3. Embedding Arithmetic Semantics into Model Definitions: Explaining Conflicting Conclusions

The same RNN/SSM may be Turing-complete in one paper and equivalent only to a finite automaton in another because of different default arithmetic models. The paper explicitly defines the arithmetic model as \(\mathfrak{M}=(\mathcal{D},\mathcal{O},\square)\): \(\mathcal{D}\) is the representable range, \(\mathcal{O}\) the set of operations, and \(\square\) the rounding/truncation map. Furthermore, it enforces a fixed evaluation tree for every expression, requiring recurrent updates to satisfy recurrence-consistent evaluation. Such granularity is necessary because floating-point addition and multiplication are non-associative; compiler or hardware reordering changes the single-step recurrence itself. Without fixing these semantics, the question "can it recognize language L" is not well-defined.

Loss & Training¶

This work investigates expressivity rather than learnability and does not involve training losses or optimization strategies. Given an architecture family and numerical semantics, it asks whether there exists a parameterized instance capable of recognizing a target formal language. The authors state that the framework does not guarantee these parameters can be found via gradient descent.

Key Experimental Results¶

Main Results¶

The "main experiments" are theoretical results and case studies rather than dataset benchmarks. The core result compares expressivity differences across different arithmetic models within a unified algebraic table.
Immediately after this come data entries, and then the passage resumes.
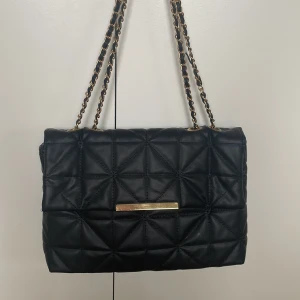 Väska - En svart väska i fint skick, dock har en knapp ramlat av (se bild 3). Annars bra skick använd fåtal ggr💕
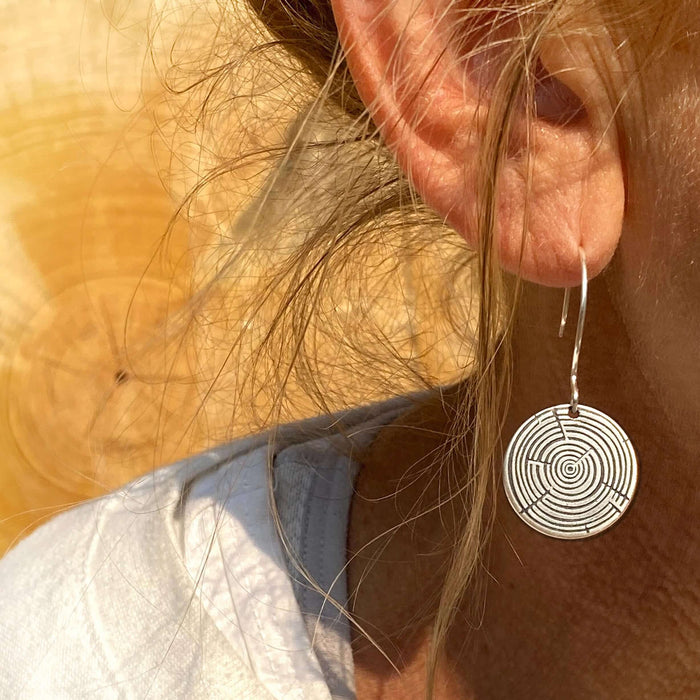 Timber Earrings- Tree Rings showcasing a delicate etched design on a model's ear, highlighting nature-inspired jewelry.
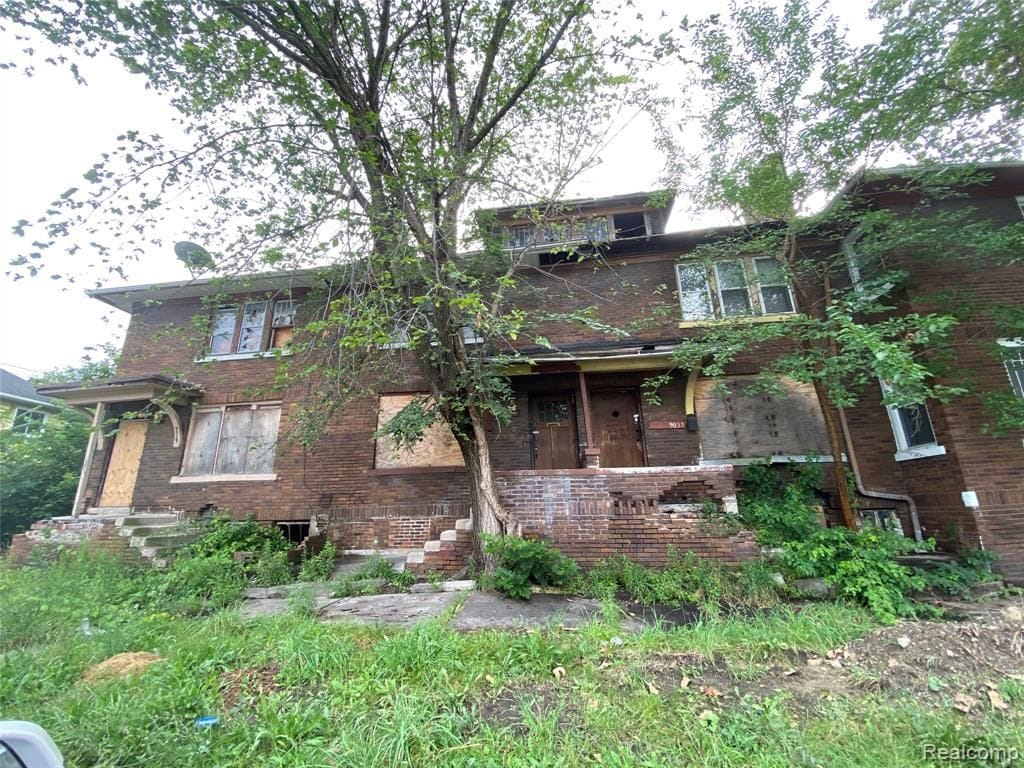 9033 Lawton St, Detroit, MI 48206 - view of front of home featuring brick siding and stairway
Object	Criterion / Result	Conclusion	Impact
Single-layer algebraic core	\(M_{\mathfrak{c}}=\langle f_x\rangle\)	Intra-layer dynamics determined by transition monoid	Maps architecture power to monoid problems
Deep algebraic RNN	\(M_{\mathcal{R}}^T\leq W_{\mathcal{R}}^T\)	Global transition embeds in realized wreath product	Allows hierarchical analysis via wreath products
Language acceptor	\(M(\mathcal{L})\prec M_{\mathcal{R}^+}^{e(\Sigma)}\leq W_{\mathcal{R}^+}^{e(\Sigma)}\)	Target syntactic monoid must divide model structure	Unified entry for unrecognizability and construction
Non-negative diagonal SSM + Float	core monoid is aperiodic	Cannot implement modulo counting requiring non-trivial groups	Corrects overstatements about SSM counting
Diagonal SSM + Unsigned Int Quantization	Can contain \(\mathbb{Z}/2^k\mathbb{Z}\)	Supports structures like even-modulo counting	Numerical semantics change expressivity

Ablation Study¶

The following table serves as an ablation of arithmetic semantics: keeping the diagonal SSM form identical while varying the recurrence multiplier and numerical model to observe group structures in the core monoid.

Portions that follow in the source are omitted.